Under the skillful direction of Ben Cohen, the Vocal Arts Ensemble has grown into a highly respected small choir. Now it’s putting on a multimedia extravaganza at Lydia Mendelssohn Theater on Saturday, May 9.

Extravaganza is the word for it. For the show, Ann Arbor’s twenty-two-voice Vocal Arts Ensemble will be joined by the River Raisin Ragtime Revue—Tecumseh’s twelve-piece ragtime theater orchestra—and People Dancing—Ann Arbor’s six-member modern dance company—for the evening’s main work: Gian Carlo Menotti’s The Unicorn, The Gorgon, and the Manticore. Described by the composer as a madrigal fable, the piece presents the ironic parable of a Renaissance town beguiled by style and befuddled by fashion, with the choir telling the story through modernist madrigals, the dancers enacting it through expressive movements, and the orchestra providing sprightly instrumental interludes.

All this looks wonderful on paper, and, based on the evidence, wonders should abound in performance. But for me, the real reason to attend the show is the inclusion of the world premiere performance of William Bolcom’s Lady Liberty. Actually, it’s more of a shared world premiere: the short work for mixed chorus and piano was co-commissioned by Cohen’s Vocal Arts Ensemble and by his brother’s Master Singers of Lexington, Kentucky. “We wanted a big splash without taking a financial bath,” Cohen explains, and splitting the cost was the way to go. For listeners who’ve followed the career of a man called Ann Arbor’s and America’s greatest living composer, the chance to hear another work from the hand that penned Songs of Innocence and Experience is not to be missed.

Based on a rehearsal I attended in early April, here’s what listeners can expect from Lady Liberty: a resolute choral march setting a poem by Bolcom’s longtime collaborator Arnold Wein-stein, with Mahler’s harmonic irony, Gershwin’s melodic sentimentality, and Ives’s cranky individuality fused into Bolcom’s singular postmodernist personality.

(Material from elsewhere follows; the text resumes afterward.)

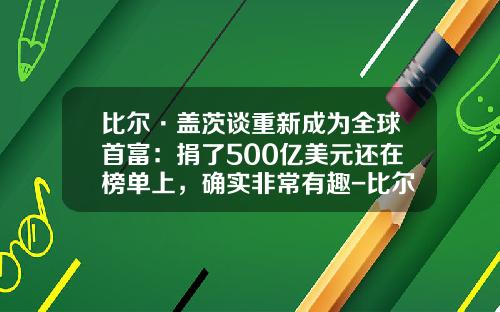 比尔·盖茨谈重新成为全球首富：捐了500亿美元还在榜单上，确实非常有趣-比尔盖斯占据世界首富多少年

Lady Liberty opens with a low dirge sung over almost jaunty piano accompaniment, flows into a more lyrical central section peaking with a hymn to “Lovely Lady Liberty,” then returns to the opening dirge for two impassioned climaxes leading to a long, lingering coda and a final, ecstatic cadence.

Whether that coda lingers too long is up to the listener. In rehearsal, Cohen kept the pace moving in the coda and took care to sculpt the final cadence into something more consoling than corny, holding the final chord not a moment too long. The only way to find out how it’ll work out in performance, of course, is to hear it for yourself.